Good afternoon, all. The dialogue continues from yesterday on slave Tetris "educational" game" I'm going to RT highlights. Worthy exchange.
— melinda d. anderson (@mdawriter) August 31, 2015
For those who don’t know, I briefly worked in the game industry and have followed it from a distance since. In my time working from home on contract, I worked on a small ‘serious game’ myself (although it wasn’t *that* serious), and I’ve continued to read up on serious games and game design as a study.
The reason I sum up my own history with this is that I don’t want to come across as flippant when I say: Yesterday’s dialog looks really, really familiar.
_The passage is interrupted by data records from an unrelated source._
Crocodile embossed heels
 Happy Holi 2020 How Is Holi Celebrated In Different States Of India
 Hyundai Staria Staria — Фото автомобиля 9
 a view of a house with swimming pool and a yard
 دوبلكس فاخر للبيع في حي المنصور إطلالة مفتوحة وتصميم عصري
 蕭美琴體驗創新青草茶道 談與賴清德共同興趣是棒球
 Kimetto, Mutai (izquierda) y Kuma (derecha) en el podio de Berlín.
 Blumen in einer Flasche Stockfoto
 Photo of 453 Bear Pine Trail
@mdawriter @fnoschese @egenfeldt Play helps kids embody history – if done well invites new understanding. Winning not necessary. Play it 1st
— Greg Toppo (@gtoppo) August 31, 2015
@gtoppo @mdawriter @egenfeldt "I PITY THE FOOL" is used as dialogue for a black character. C'mon Greg. pic.twitter.com/nKhyiCsjeE
— Frank Noschese (@fnoschese) August 31, 2015
https://twitter.com/akilbello/status/638350108363501568
Now, I don’t really feel like playing this game myself to find out what value it has, or whether it has redeeming factors in the gameplay. It might! Although I don’t think those redeeming factors excuse things like racist dialog or the choice of using a very caricature-like visual style for the people involved. But my point here isn’t to give an in-depth critique of this particular game.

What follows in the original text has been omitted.